Sec. 2. The said company shall have power in any lawful manner, whether by purchase, lease, donation, or license, to acquire, own, possess, use and enjoy any real or personal estate in the counties of Santa Ana, Santa Fé, San Miguel, and Rio Arriba, in the said Territory, and on and with the same to carry on and conduct the business of mining for copper, lead, gold, silver, tin, iron, or coal; and such real or personal estate, or any part or products of the same, to sell, lease, exchange, or in any other lawful manner to dispose of.

Sec. 3. The capital stock of said company shall consist of the sum of five hundred thousand dollars, or five thousand shares of one hundred dollars each; and the said company shall have the right and power to increase the said stock to the gross sum of fifteen hundred thousand dollars, or fifteen thousand shares of one hundred dollars each.

Sec. 4. ...That for the purpose of the first election, and for the discharge of other general business, the said stockholders shall hold their first meeting at Santa Fé, in said Territory, on the last Thursday of January, A.D. 1861, and in such first election each stockholder shall (in person, or by proxy in writing) be entitled to cast one vote for each share of stock by him subscribed and holden.

...
Sec. 6. That in every meeting of the stockholders of said company, such a number of stockholders present, in person or by proxy, as shall own or represent one-half of the whole capital stock, shall be sufficient to constitute a quorum to do business: Provided, that the said company may by its by-laws limit the powers of such quorum or require a larger representation of the capital stock for particular purposes in such by-laws to be defined.

...
Sec. 8. That when any stockholder of said company shall fail or refuse to pay any call or assessment required of him in conformity with the by-laws, rules or regulations of said company, it shall be lawful for the said company, through its officers or agents, to sell the stock of such defaulting stockholder, or so much thereof as shall be sufficient to make good such defalcation and all expenses; such sale to be made in such manner and after such notice as may be prescribed in such by-laws, rules or regulations; and the secretary of said company shall be authorized to transfer on the books of said company the stock so sold, to the purchaser thereof.

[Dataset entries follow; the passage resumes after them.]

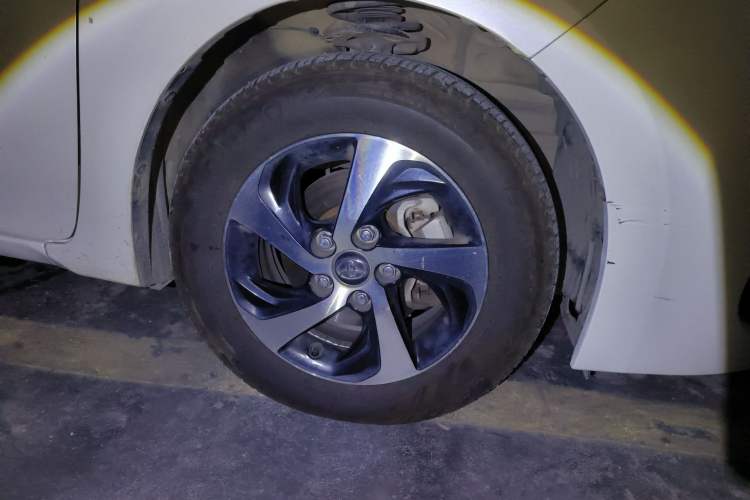 Used Toyota Levin 2017 Revised 185T CVT Elite Edition China V Standard Right Front Wheel Hub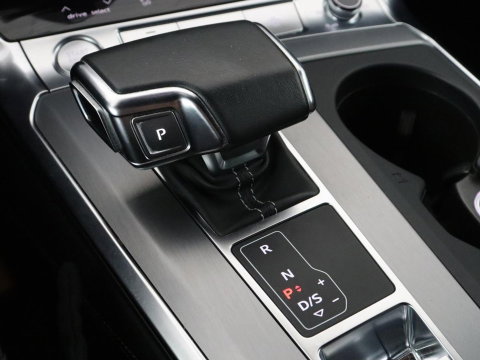 Audi A6 Limousine 45 TFSI Sport S line edition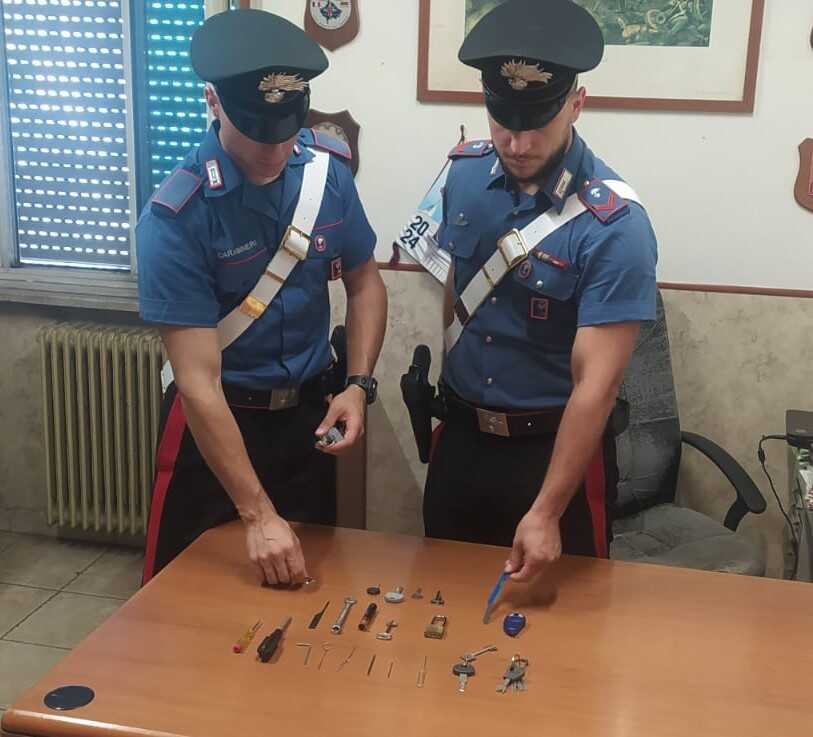 CASILINA – Gli arnesi sequestrati dai Carabinieri CASILINA - Gli arnesi sequestrati dai Carabinieri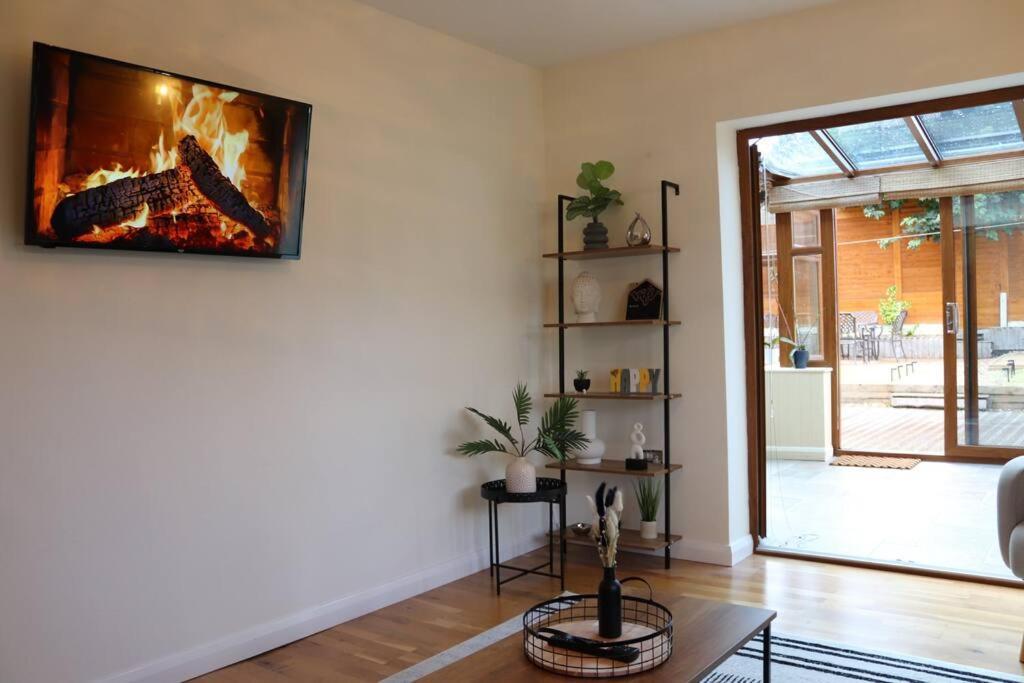 Cosy 3 Bedroom 2 Bathroom House With Parking Sheldon  Exteriér fotografie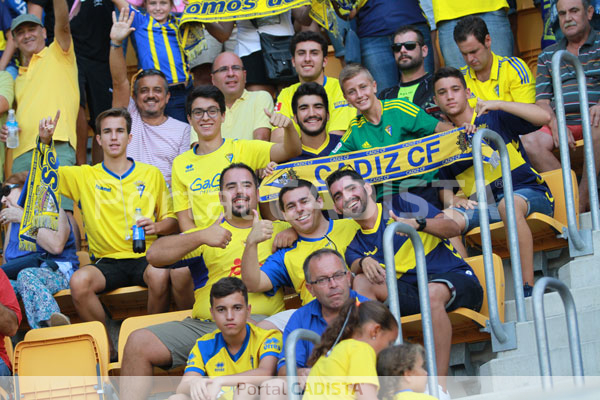 Aficionados cadistas en el estadio Ramón de Carranza / Trekant Media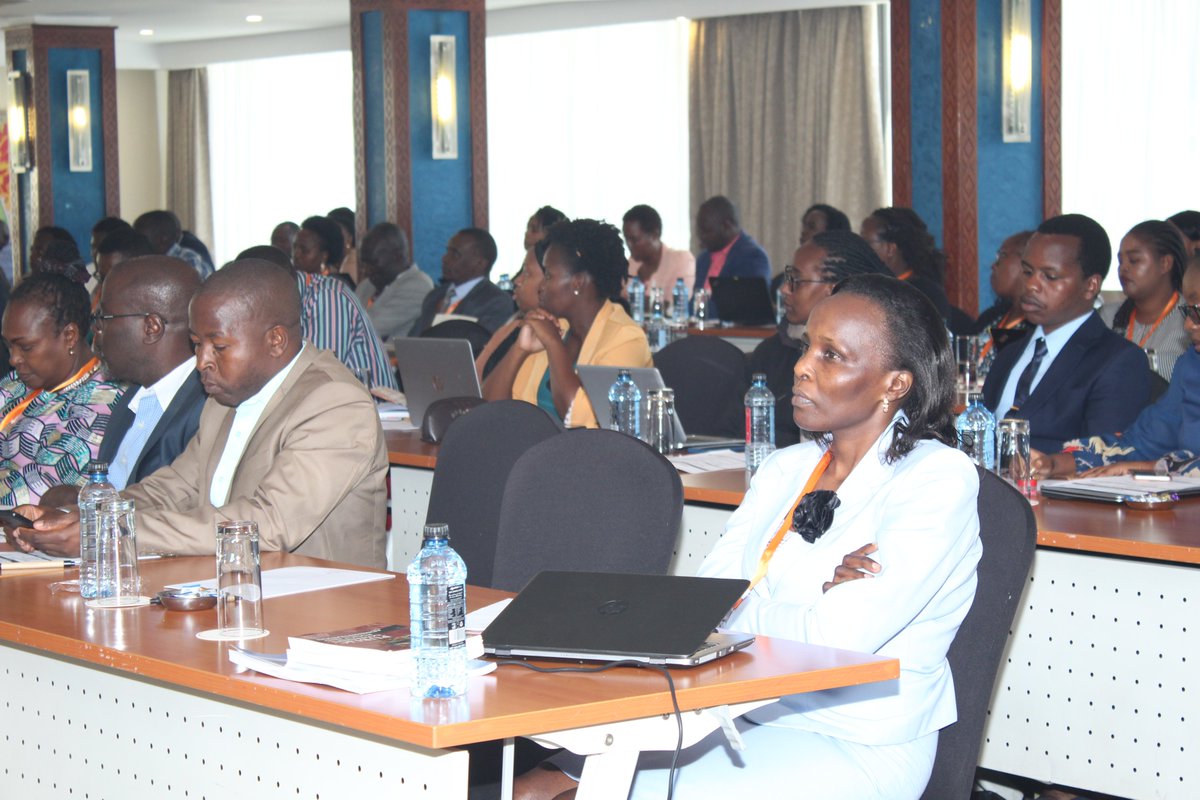 ICS_Kenya's tweet photo. Happening Now! Board Papers and Minutes Writing Workshop at Sarova Panafric Hotel.
#boardpapers #minutewriting #training #workshop https://t.co/gu8mwpTB8L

Sec. 9. The said company shall be and hereby is empowered to construct roads to and from any of its mines or lands, over lands belonging to said corporation or lawfully in its possession, and over any public lands or lands, not belonging to other individuals or corporations; but not over lands belonging to such other individuals or corporations except with their consent: But, provided further, that in any case where the said company shall have constructed their roads on or across any lands which were public at the time of such construction, and such lands shall be subsequently acquired by other persons, then such other persons shall take such lands subject to the right of way of said company along such roads.

Sec. 10. That in case the said company shall not, on or before the 31st day of December, A.D. 1862, have duly organized in conformity with the powers granted to it by this act, then it shall be considered to have forfeited each and all of the powers, privileges, rights and immunities granted to it by this act.

Sec. 11. This act shall be in full force and take effect from and after its passage.